Стыдно сказать, но свою первую сцену я устроила по поводу «упитанного тельца». Дягилев извиняющимся тоном спросил, не буду ли я возражать, если только один раз, в этот вечер, одну из моих партий исполнит мадам Гельцер.
– Она выручила меня в ваше отсутствие, и я просто не могу отнять у нее роль, – рассудительно объяснил он.
Но я пришла в ярость и разбушевалась, главным образом для проформы, намереваясь в конце концов уступить его просьбе. В тот день мы больше не спорили, но он часто приходил на репетицию, просто смотрел на меня и улыбался. Вечером, когда я гримировалась, то увидела в зеркале его отражение. Наверное, он уже какое-то время стоял там – он никогда не стучал. Я уже больше не сердилась, но полагала, что, сохраняя свое достоинство, должна еще бросать на него гневные взгляды. Он сказал: «Вот и снова я. Вы вытерли мною пол. Вы надавали мне пощечин. Я пришел, чтобы получить еще». Вечером за ужином мы оба смеялись над инцидентом, я даже громче, чем он.

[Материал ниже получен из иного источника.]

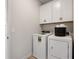 Functional laundry room with white cabinets, washer, dryer and storage options at 26 Kensington St, Kingston, GA 30145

Как я уже говорила, меня никогда не возмущали собственнические инстинкты Дягилева. С самого начала я добровольно отдала ему свою преданность. Более того, уже тогда я смутно ощущала, что время от времени срывавшиеся у него язвительные замечания не следовало приписывать всего лишь его эгоизму. Теперь же я в нолной мере осознаю, что его резкость, его игнорирование других, та безжалостность, с которой он отметал когда-то нежно любимых соратников, которые перестали соответствовать его замыслам, – все это было обратной стороной его достоинств. А его абсолютно чистым достоинством была преданность искусству, горевшая священным огнем. Он приносил людей в жертву, если того требовало искусство. Но он приносил в жертву и свои выгоды. Если бы он хотел добиться коммерческого успеха, то мог бы поставить свое предприятие на прочную, даже прибыльную основу. Он же предпочел непрочное существование, дабы иметь возможность экспериментировать и развивать искусство.
Полностью разобраться в постоянных и временных ценностях в деятельности Дягилева невозможно в процессе его работы. Я не пытаюсь сделать этого и сейчас. Просто рассказываю о поворотных пунктах его карьеры, какими видела их я.
С чувством замешательства и даже тревоги слушала я, как Дягилев после окончания нашего второго парижского сезона делился своими дальнейшими планами. Он считал, что хореография Фокина принадлежит прошлому. Будущее балета следует вверить чуткому к современным влияниям хореографу. Основная масса нашего текущего репертуара была, по его мнению, всего лишь балластом, от которого следовало избавиться.
– Что же вы собираетесь сделать с балетами Фокина, Сергей Павлович?